- _Available data_
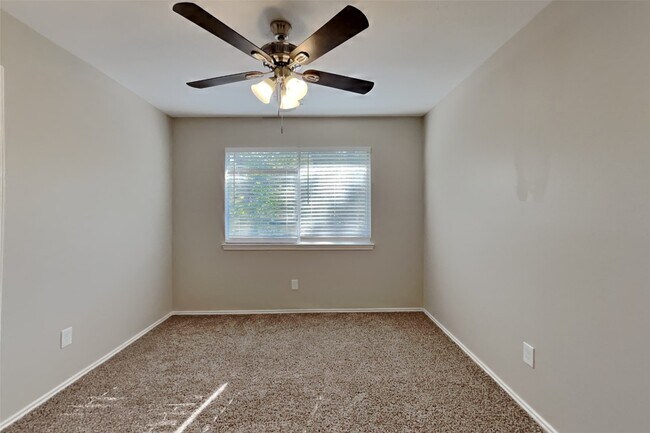 Building Photo - 4327 Palmer Plantation Dr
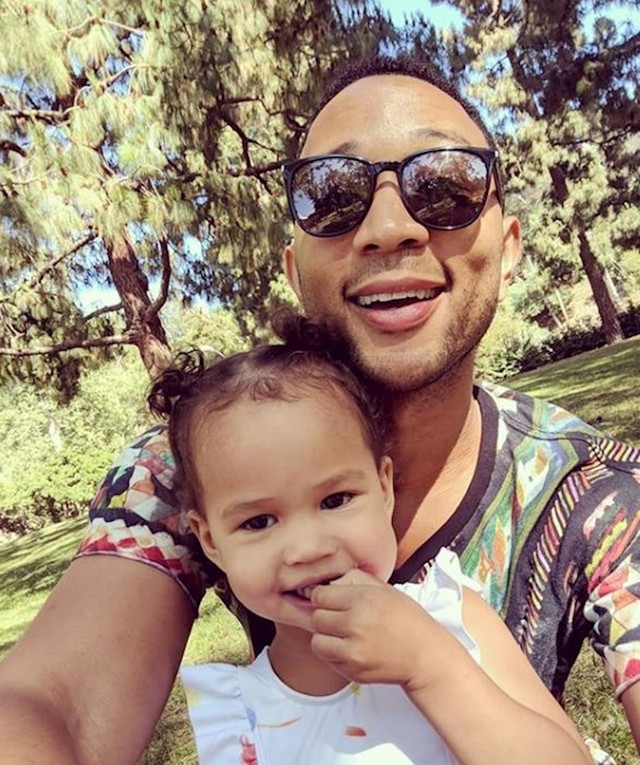John Legend i Luna Simone Stephens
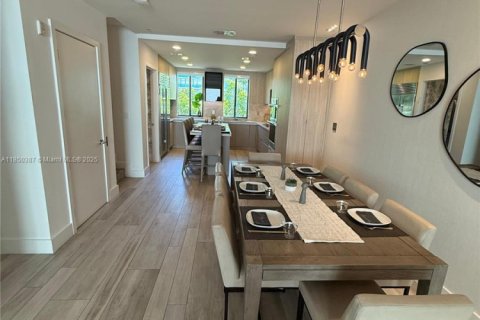 Condominio en venta en Bay Harbor Islands, Florida, 5 dormitorios, 248.51 m2 № 1857254 - foto 27
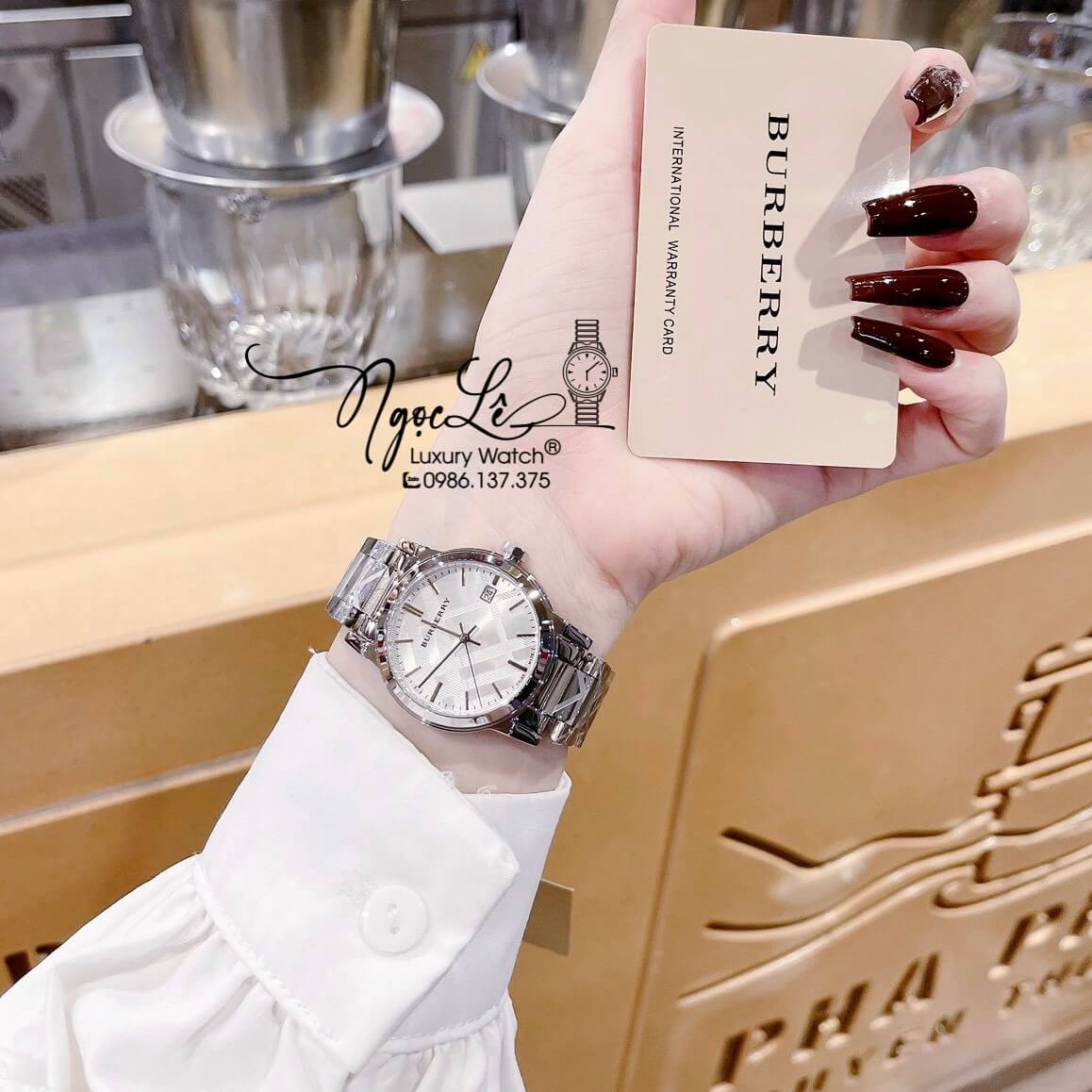 Đồng Hồ Nữ Burberry BU9144 The City Dây Kim Loại Silver Size 34mm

- _Your task_
Give back the full data exactly as it reads, but drop the pictures.

- _Result of this exercise_
 Building Photo - 4327 Palmer Plantation Dr
John Legend i Luna Simone Stephens
 Condominio en venta en Bay Harbor Islands, Florida, 5 dormitorios, 248.51 m2 № 1857254 - foto 27
 Đồng Hồ Nữ Burberry BU9144 The City Dây Kim Loại Silver Size 34mm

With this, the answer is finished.